3月28日付け、4月4日より中国本土にて公開予定だった、婁燁(ロウ・イェー)監督の最新作映画『風中有朶雨做的雲/The Shadow Play』は"不可抗力"により上映中止になった模様。一説では、作品の一部内容に問題があるとして、再編集と審査が必要との事。

新浪電影の担当者は制作側に事実確認したところ、「全力を尽くす。」とだけ返答した。また本作の主演となる秦昊(チン・ハオ)も上映中止された件に対し、自身の微博で以下のように述べた。


“你看,所有的事都是这样,会过去,被忘记。”——《风中有朵雨做的云》
​​​​ 「ほら、どんな出来事も過去のものとなり、忘れ去られてしまうものだ。——『風中有朶雨做的雲』」


実際の汚職事件を描いた『風中有朶雨做的雲』


映画『風中有朶雨做的雲』は実力派の井柏然(ジン・ボーラン)、馬思純(マー・スーチュン)、秦昊(チン・ハオ)、宋佳(ソン・ジア)らが主演を務める。第55回「台湾金馬奨」にて監督賞、撮影賞、音響効果賞、アクション監督賞の四部門にもノミネートされ、作品に登場する人物たちの人間性を鋭く描き、映画祭でも話題を呼んだ。

作品の物語は中国南方の沿岸街を舞台に、建設委員会の主任である唐奕傑がビル撤去作業中に、ビルから墜落して死亡してしまうところから始まり、事件を担当する若き刑事の楊家棟は調査していくうちに、建設企業の賄賂や政府役員による汚職が徐々に明るみに出る過程を描いている。
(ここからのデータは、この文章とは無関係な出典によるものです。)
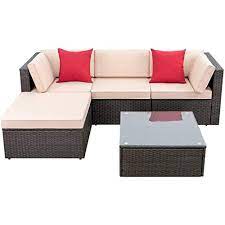 devoko 5 pieces patio furniture sets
僅か10年前、かつて中国広州には"独立王国"が存在していた。それが映画『風中有朶雨做的雲』の舞台ベースにもなった「冼村」だ。本作の物語もまた、その中国広州の冼村で実際に起きた、村支書の盧穗耕による汚職事件をベースに描かれている。
(参照:广东百亿村官外逃案

若干26歳で冼村の村支書になった盧穗耕は、当時の建設ラッシュを利用し、村人に事実を隠して広大な敷地を私有化していった。また人脈関係や職権乱用し、33年間にも渡って企業から莫大な賄賂を受け取っていった。その資産額は数千億円にも上るという。そして2013年。中国政府による反汚職運動が盛んになり、危険を察知した盧穗耕は逃走し、未だに逮捕されていない。

昨今、こうした論争を巻き起こしやすい事件を真剣に描ける中国監督はそう多くない。婁燁はまさにそんな数少ない監督の一人だ。映画『風中有朶雨做的雲』は再び上映許可されるのかは未知数だが、秦昊が呟いた言葉のように、忘れてはいけない過去の出来事もある。ご都合主義だけで作品の表現自由を奪ってはいけない。本作が再上映できる事を願う。